Provided records:
Segment Open

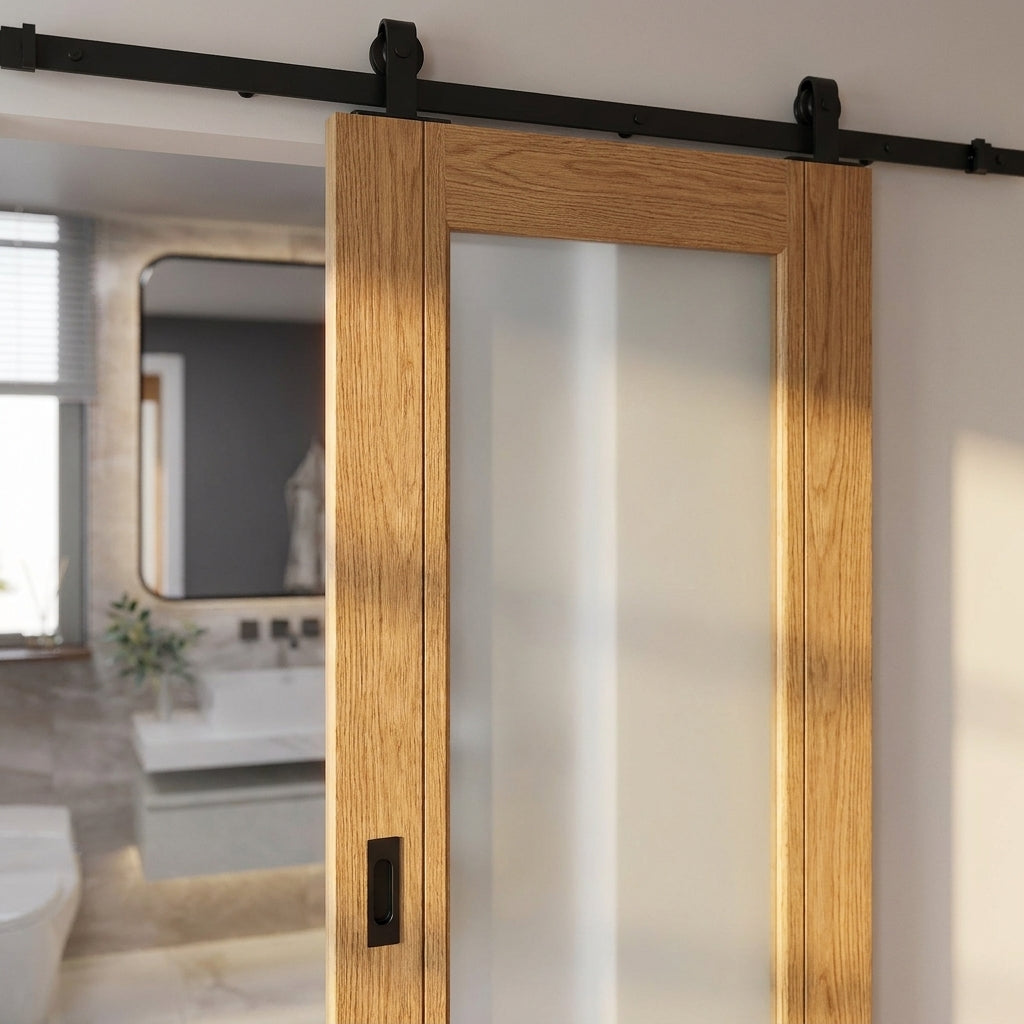 Internal Oak Sliding Door Unfinished Solid Core with 1 Light Obscure Glass - detail view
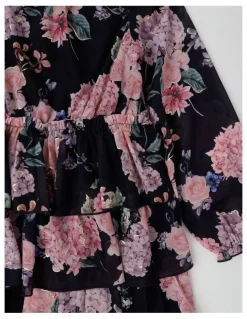 Origami Grace Chiffon Dress with Tiered Skirt in Navy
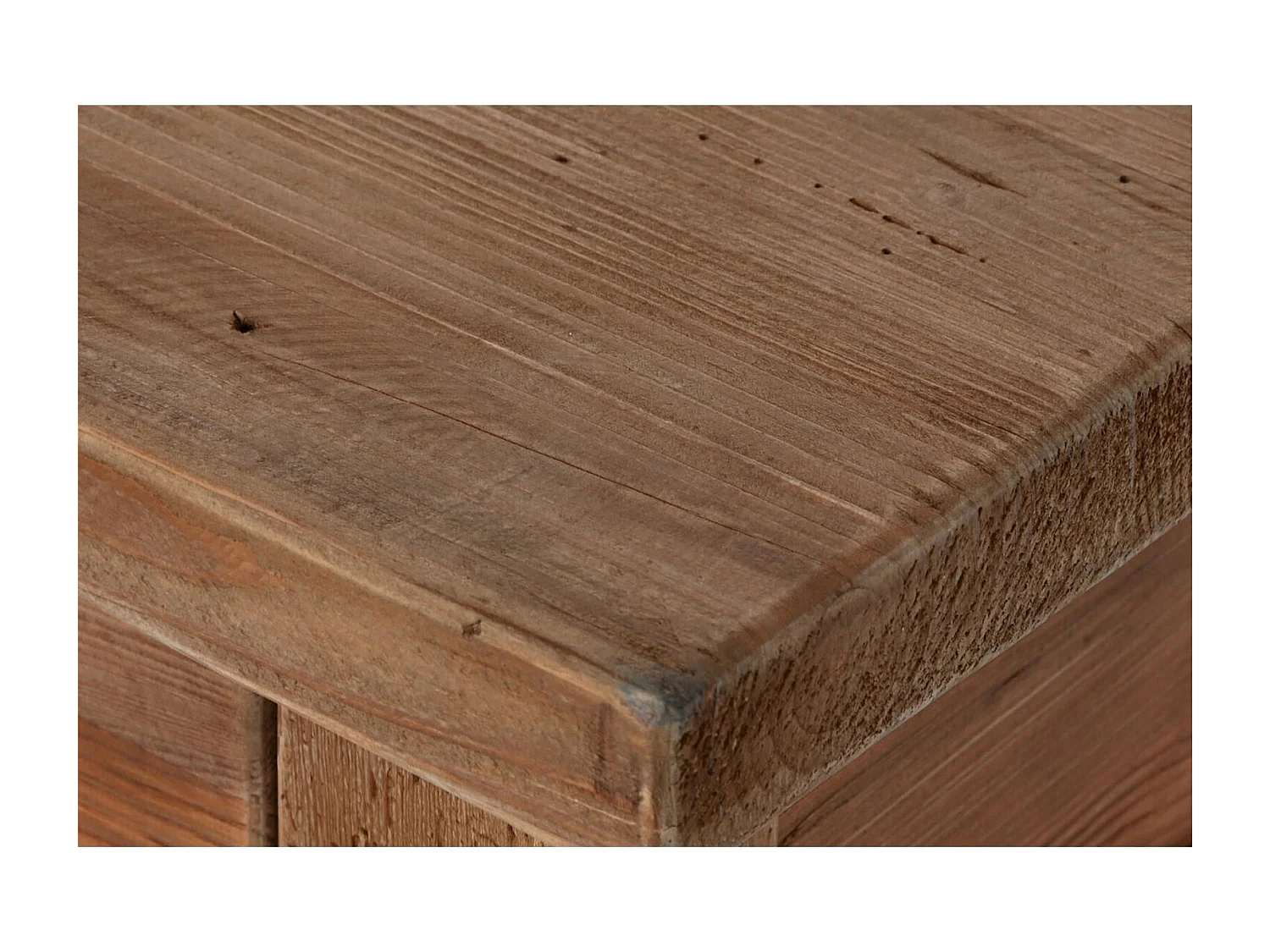 Table basse bois recyclé esprit nature avec rangement intégré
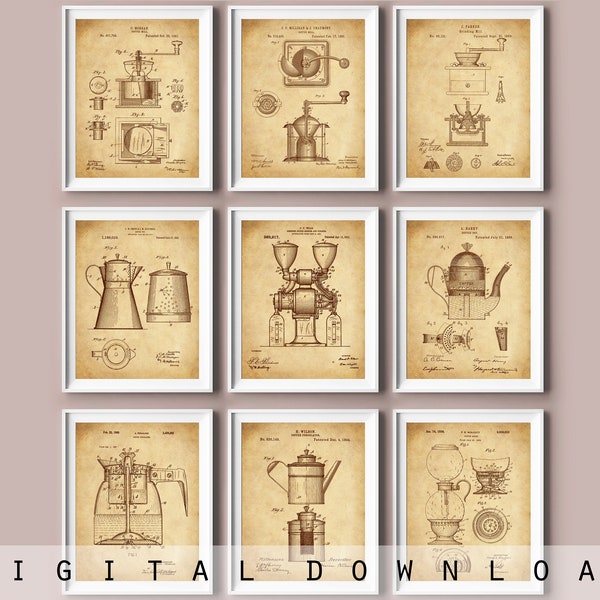 9 Coffee Art Drawing, Coffee Patent Poster, Coffee Mill Blueprint, Cooking Art, Kitchen Wall Decor, Retro Inventions, Blueprint Wall Decor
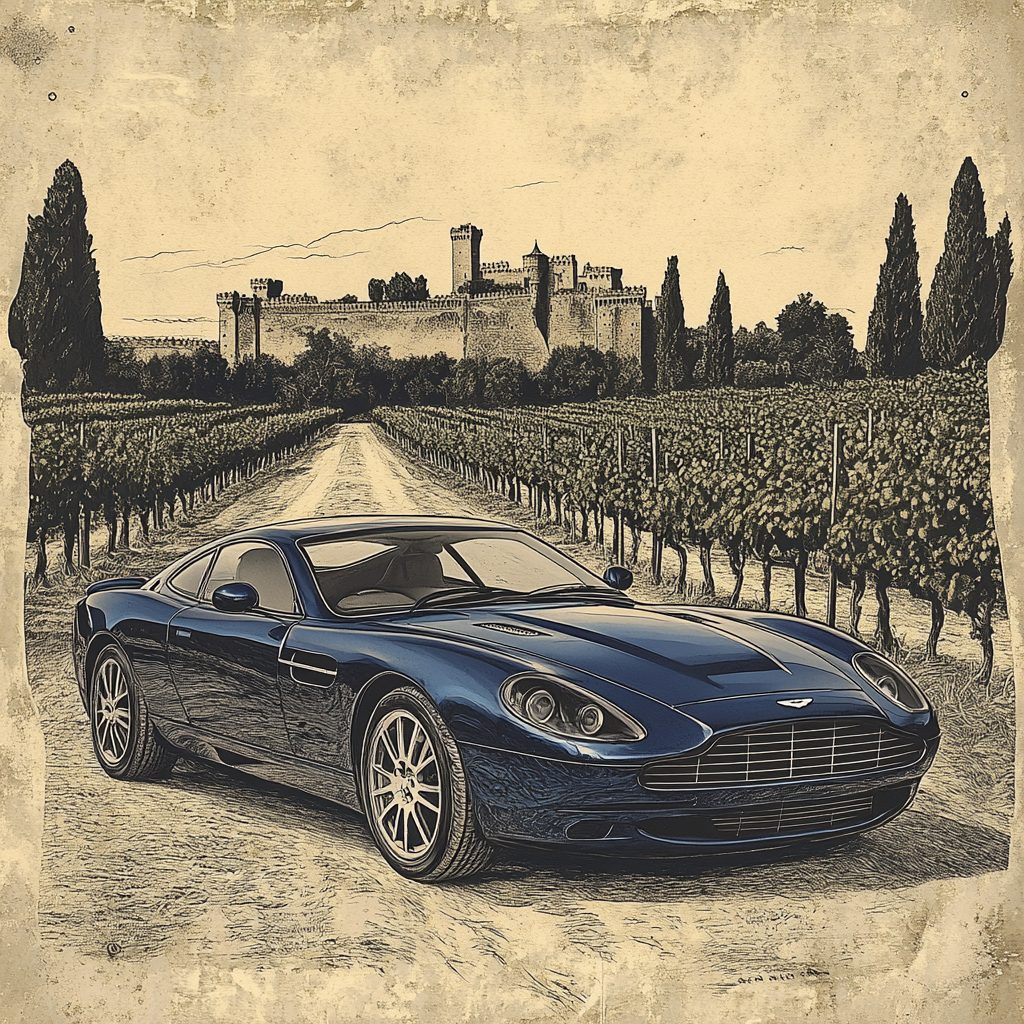 Vintage Aston Martin in Vineyard with Castle Background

Segment Closed

Work required:
Pictures do not belong in the copy. Reproduce the rest of the data exactly.

Exercise response:
 Internal Oak Sliding Door Unfinished Solid Core with 1 Light Obscure Glass - detail view
 Origami Grace Chiffon Dress with Tiered Skirt in Navy
 Table basse bois recyclé esprit nature avec rangement intégré
 9 Coffee Art Drawing, Coffee Patent Poster, Coffee Mill Blueprint, Cooking Art, Kitchen Wall Decor, Retro Inventions, Blueprint Wall Decor
 Vintage Aston Martin in Vineyard with Castle Background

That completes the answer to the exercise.